Moverse en ese ambiente es relajante.
El
mirador se asoma sobre la extensa llanura de El Golfo, el corazón agrícola de
la isla. Dicen que allí hubo una enorme caldera que un cataclismo partió en
dos, como si tierra y agua tuvieran que repartirse como buenos hermanos la
montaña de centro convexo formada por las ansias de conocer mundo del magma del
centro de la tierra. La ola que provocó la fractura alcanzó más de cien metros
y quizá viajó hasta tierras del Nuevo Mundo, como un precedente de posteriores
viajes. Lo que contemplo es la parte del cráter que no se hundió, amplia, arqueada,
terminada en un cabo que apunta hacia la derecha.
El
tiempo no acompaña demasiado y su verdor habitual se cubre de tonalidades
grises por la influencia de las nubes que han topado contra los riscos y que
impiden ver la parte superior.
Llegan
los rumores del oleaje combinados con una franja blanca en contraste con el
color negro de la costa, bastante recortada.
Dos
carreteras recorren la extensión. Una, casi paralela al mar.

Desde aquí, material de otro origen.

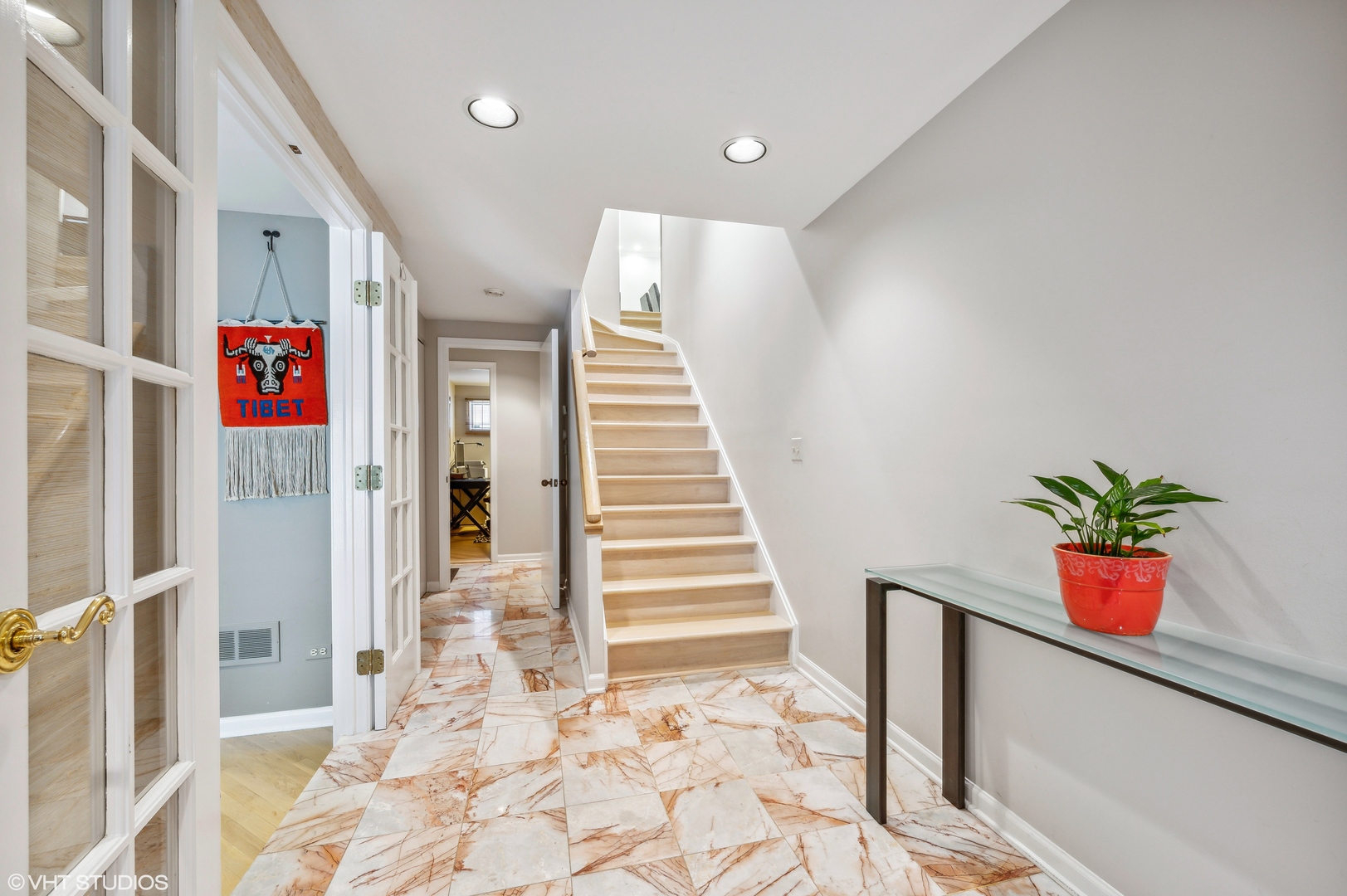 55 West Goethe Street, Unit 1251 Chicago, IL 60610 - Photo 5 of 28 a view of entryway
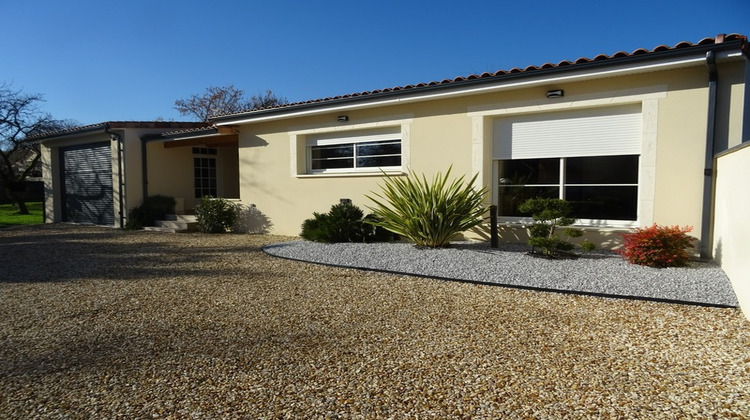 Ma-Cabane - Vente Maison CHAMPNIERS, 71 m²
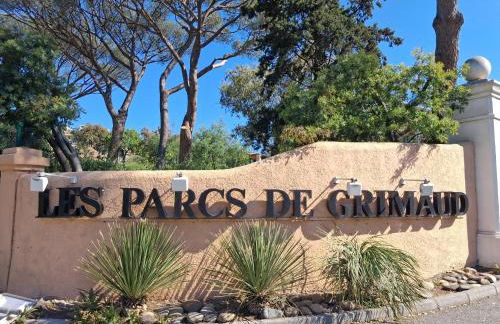 Joli appartement Les Parcs de Grimaud - Piscine - Foto 24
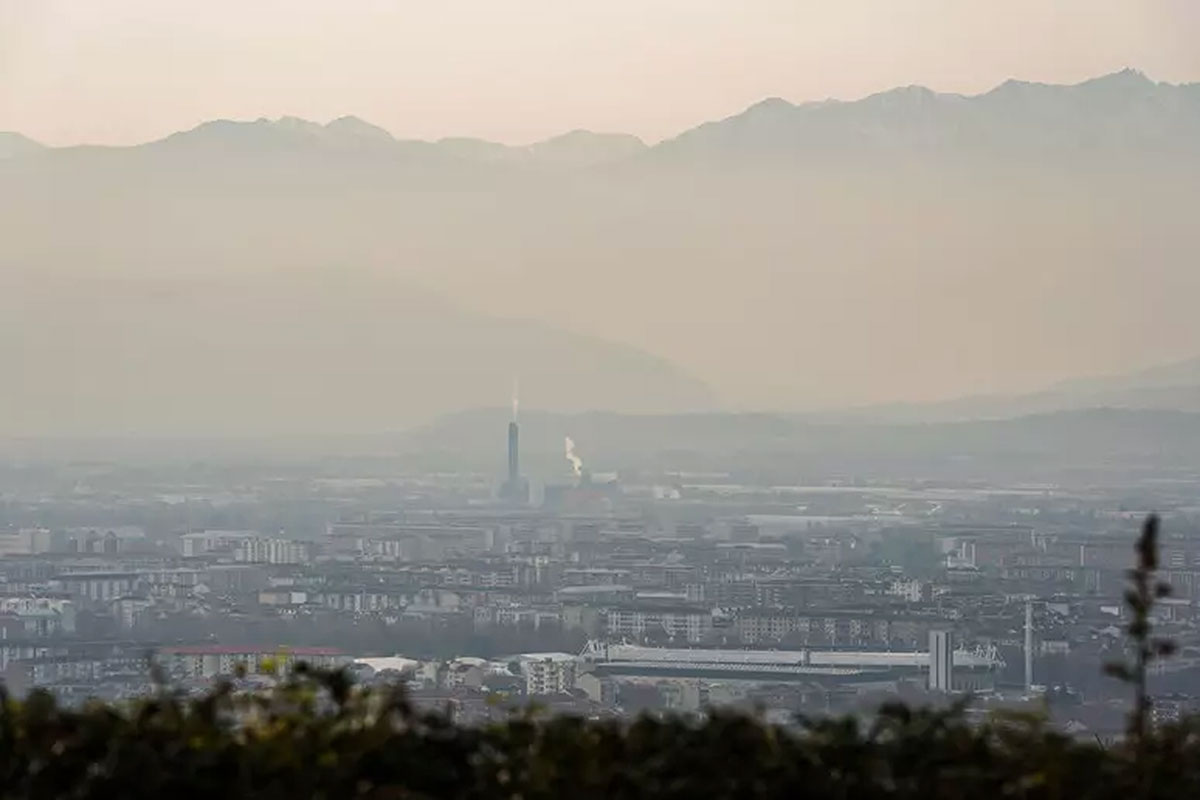 Concentração de CO2 na atmosfera é a maior em 800 mil anos | Mundo & História
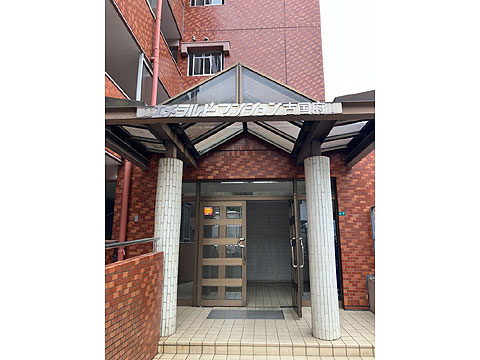 エントランス　エントランスエメラルドマンション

La otra cicatriz
se inclina hacia la izquierda, hacia Frontera. Los cuadrados y rectángulos de
los invernaderos ocupan un lugar preferente.
Se
divisa el campanario exento sobre una loma de lava de la iglesia de la virgen
de la Candelaria. Por allí está también Tigaday, famosa por sus carneros que
animan las fiestas de carnaval.
Más a
la derecha, unos islotes llaman mi atención. Son los roques de Salmor. Son algo
más que dos enormes piedras cercanas a la costa: desafían la fuerza del mar.
Este era el hábitat natural del lagarto gigante.